RECORDS FOR PROCESSING:

........

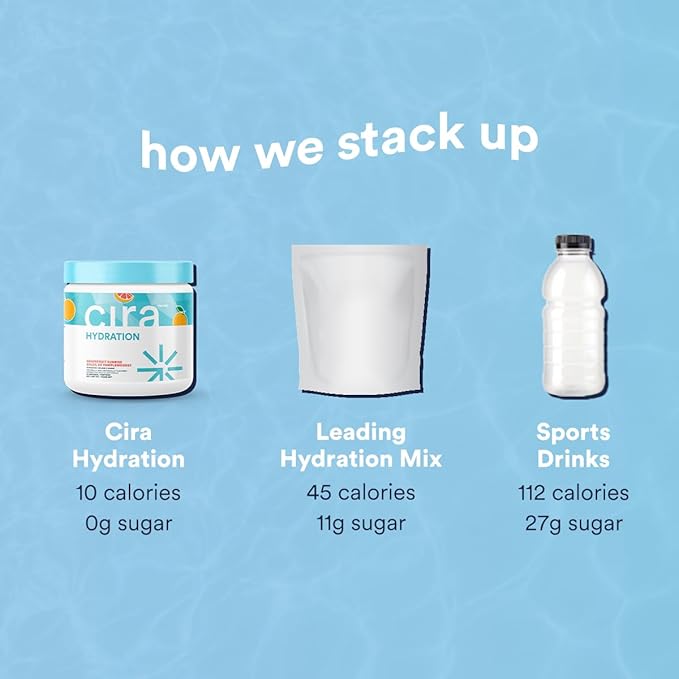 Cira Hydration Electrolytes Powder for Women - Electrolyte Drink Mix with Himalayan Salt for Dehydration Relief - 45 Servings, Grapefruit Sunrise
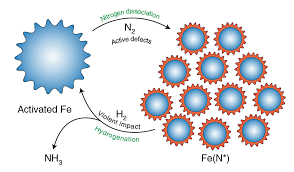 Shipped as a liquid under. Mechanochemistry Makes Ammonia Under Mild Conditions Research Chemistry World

........

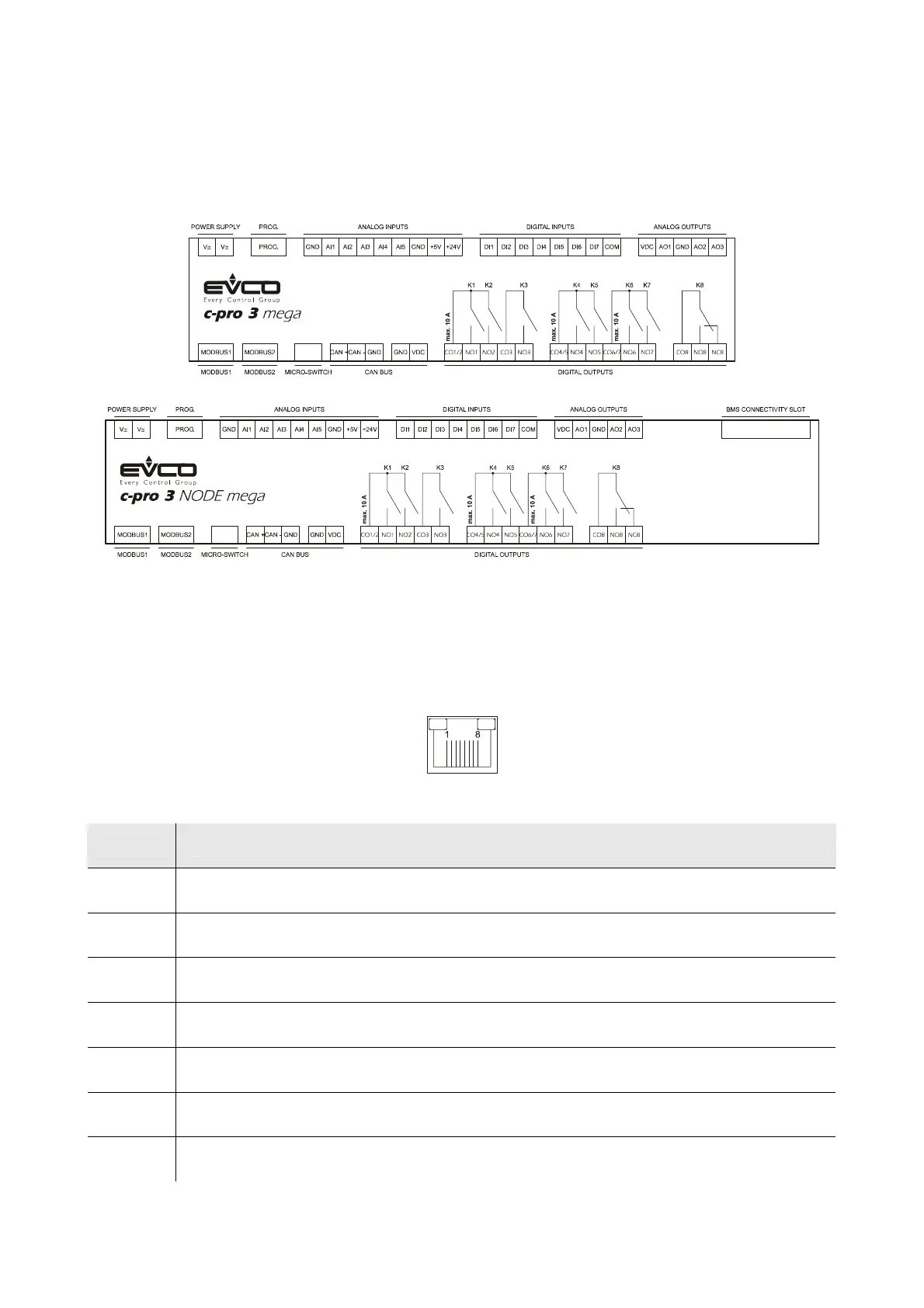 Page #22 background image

........

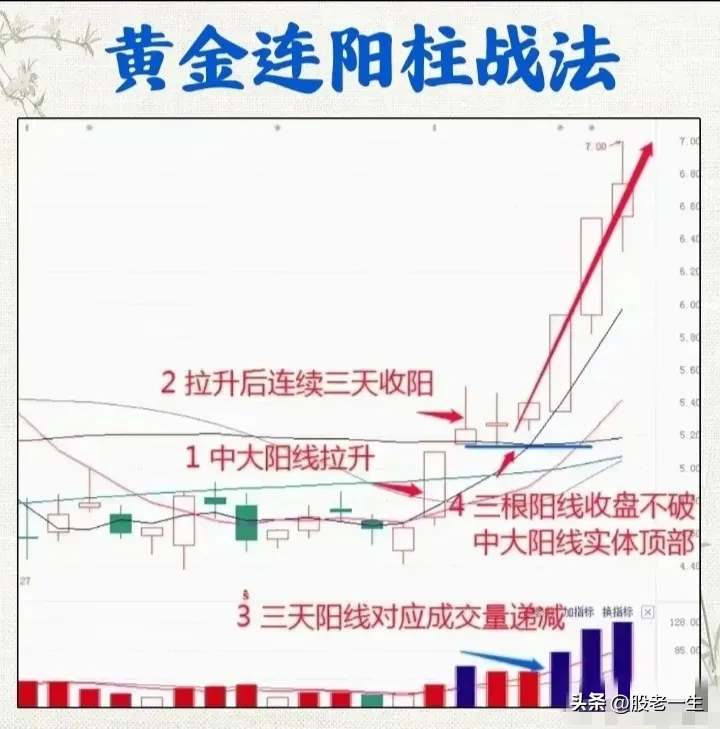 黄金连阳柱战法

........

EXERCISE:
Extract, without any images, the part of the material above that opens with the line containing "Cira Hydration Electrolytes" and closes with the line containing "Shipped as a", both lines included.

RESULT BELOW:
 Cira Hydration Electrolytes Powder for Women - Electrolyte Drink Mix with Himalayan Salt for Dehydration Relief - 45 Servings, Grapefruit Sunrise
 Shipped as a liquid under. Mechanochemistry Makes Ammonia Under Mild Conditions Research Chemistry World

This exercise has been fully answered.